Quand nous prions la Liturgie des Heures, notre prière se coule dans celle de l’Eglise-Epouse, laquelle, au nom de toute l’humanité, coule elle-même la sienne dans celle du Christ intercesseur. Il est instructif de souligner cette précieuse objectivité de la Liturgie des Heures, par contraste – mais non en opposition – avec les formes plus personnelles de prières, telle que la méditation ou l’oraison, par exemple. C’est la grâce propre du bréviaire de nous faire entrer en profondeur dans les divers temps liturgiques ainsi que dans les sentiments du Christ et de l’Eglise, laquelle prie toujours les psaumes dans une perspective supra-individuelle, les appliquant au peuple de Dieu et surtout au Christ lui-même.
Ce que je suis comme prêtre et ce à quoi je suis appelé comme prêtre me dépassent absolument. Ce n’est pas mon affaire. Entre la mission qui m’est confiée et ce que je suis par moi-même, il y a une radicale disproportion, qui n’est franchie que par la grâce de Dieu. Et elle l’est ! Ah ! comme elle s’applique à nous, la formule de Paul : « Ce qu’il y a de faible dans le monde, voilà ce que Dieu a choisi pour la confusion de ce qui est fort ! » (1Co 1, 27b).
De par son triple ministère prophétique, sacerdotal et pastoral, le prêtre est en quelque sorte dépossédé de lui-même. Et cela dans une double direction. En direction de Jésus tout d’abord, dont il sera le simple porte-parole, à l’Eucharistie duquel il sera voué et dont il devra rendre présente la charité pastorale. Et en direction du peuple qui lui est confié et à qui il sera donné comme prophète, comme célébrant dans la liturgie et comme pasteur.
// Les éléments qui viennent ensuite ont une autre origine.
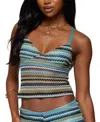 Edikted Zigzag Stripe Tank Top In Blue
Cette dépossession de soi par le ministère s’exprime logiquement sur les trois plans où l’homme est porté spontanément à s’assurer de lui-même, à s’affirmer, à savoir l’exercice autonome de la liberté, la jouissance sexuelle et la transmission de la vie, et enfin la possession de biens terrestres. D’où une triple dépossession du prêtre par son sacerdoce, celle de l’obéissance, celle de la chasteté et du célibat, et celle de la pauvreté.